Ils dirent : « On noircit leur visages et on les fait monter
ensemble sur un âne avec leurs visages tournés dans des directions
opposées, et ensuite on les promène dans la ville. ». Il dit
: « Amenez la Torah pour vérifier si vous avez raison. ».
Ils l’ont amenée et l’ont récitée jusqu’au verset qui
concerne la lapidation ; la personne qui lisait a mis sa main sur ce
verset et a lu ce qui n’était pas masqué par sa main. Abdullah b.
Salim qui était avec le messager d’Allah dit : « Ordonne-lui
d’enlever sa main. ». Il l’enleva et il y avait à la place
le verset relatif à la lapidation. Alors l’envoyé d’Allah
prononça son jugement et ordonna que les deux personnes soient
lapidées à mort. Abdullah b. ’Umar dit : « J’étais un de
ceux qui les ont lapidés et j’ai vu l’homme protéger la femme
avec son corps. » (Muslim, Livre 17, no.4211 ; mentionné aussi
notamment par Abu Dawud)
Comme on peut donc
le voir, et si on en croit ce hadith, les juifs du Hejaz
contemporains de Mahomet étaient déjà à l’époque pour le moins
réticents à appliquer la lapidation, malgré sa mention dans la
Torah, préférant la remplacer par une peine humiliante, mais ni
douloureuse ni mortelle. C’est Mahomet qui l’a restaurée. Et
restaurée pour l’éternité, puisque le Coran interdit tout
changement dans la loi d’Allah sans limite de temps. D’où son
application encore actuellement. Le deuxième hadith sur le sujet
présentant un intérêt particulier ne met pas en scène de cas
précis de lapidation ordonné par Mahomet (contrairement à la
majorité de ces petits textes), mais traite de la mention de cette
peine dans le Coran :
« ‘Abdullah
b. ‘Abbas a rapporté que ’Umar b.
Khattab s’est assis à la chaire du messager d’Allah (paix soit
sur lui) et a dit : « En vérité, Allah a envoyé Mahomet
(paix soit sur lui) avec la vérité et lui a envoyé le Livre, et le
verset de la lapidation était inclus dans ce qui lui a été révélé.

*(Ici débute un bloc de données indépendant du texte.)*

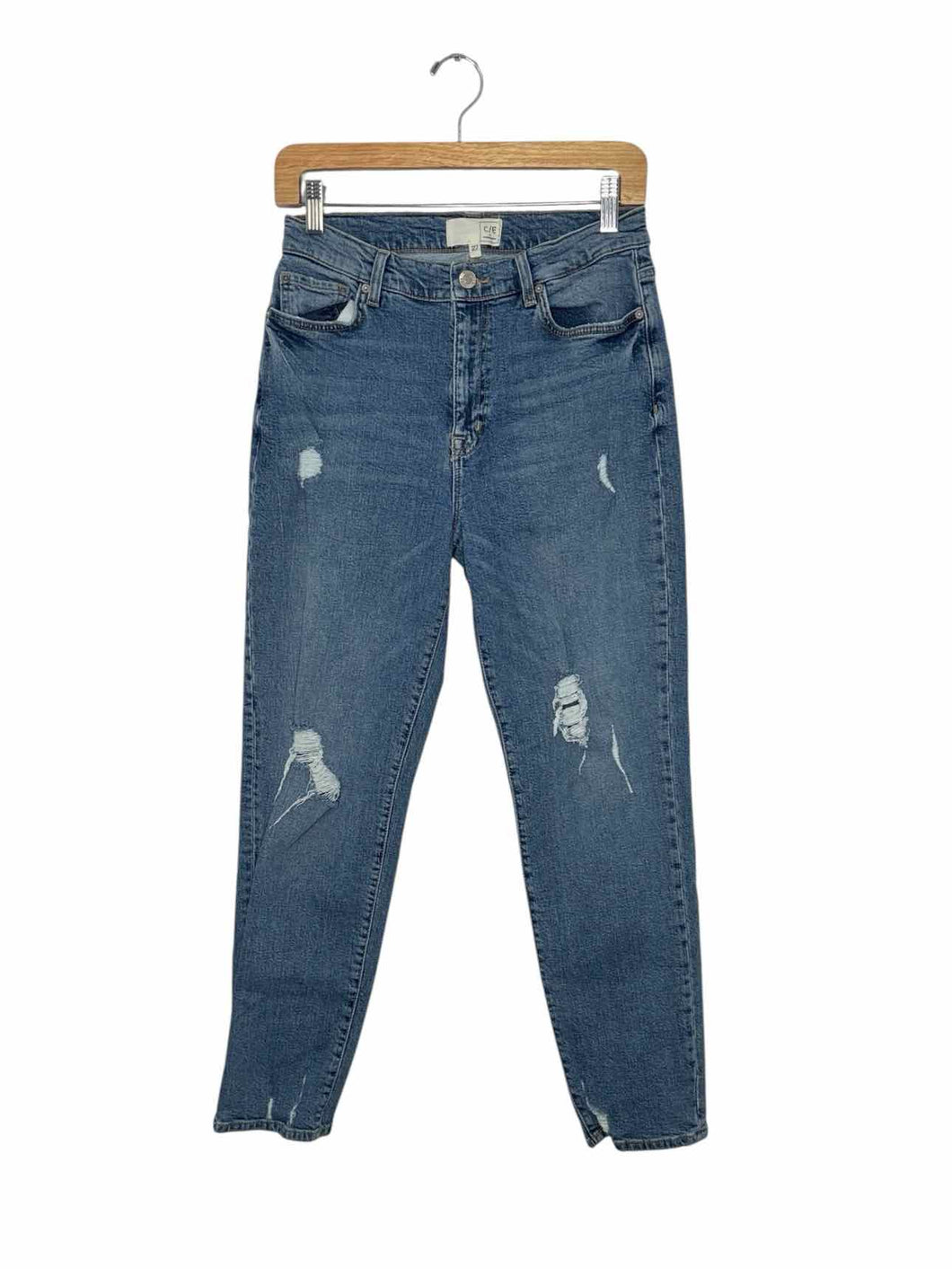 Current Elliott Size 28 Denim Pre-Owned Jeans- Ladies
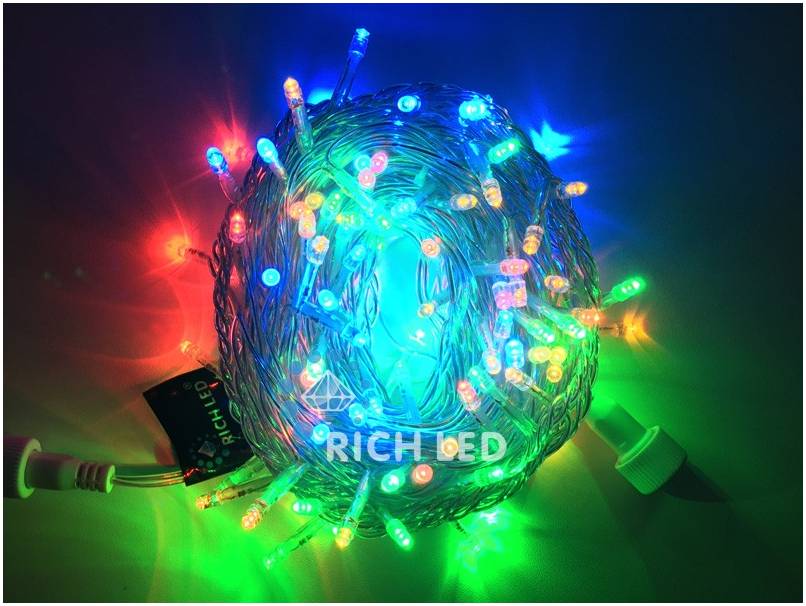 RICH LED RL-S10C-24V-T M - Гирлянда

Nous l’avons récité, mémorisé et compris. Le messager d’Allah
(paix soit sur lui) a prononcé des peines de lapidation à mort
(pour les adultères mariés), et après lui nous avons nous aussi
ordonné des lapidations, et je crains qu’avec le temps les gens ne
(l’oublient et) puissent dire : « Nous ne trouvons pas
trace de la punition par lapidation dans le livre d’Allah, et
s’égarent en abandonnant ce devoir prescrit par Allah. La
lapidation est un devoir envoyé par le livre d’Allah pour les
hommes et les femmes mariés qui ont commis l’adultère si la
preuve est établie, ou s’il y a grossesse, ou aveu. » (Muslim,
Livre 17, no.4194)
Il y aurait donc eu, selon la sunna, un
« verset de la lapidation » dans le Coran, mais il en
aurait été retiré par la suite (pour l’anecdote, une tradition non
étayée par des hadiths, rapporte que le feuillet correspondant
aurait été mangé par une chèvre, à l’époque ou la révélation
n’était consignée qu’en un exemplaire sur des feuilles de palmier
éparses !). Les docteurs de la loi y voient généralement un cas
particulier d’abrogation : seule la récitation en serait
abrogée, l’application étant, elle, de rigueur.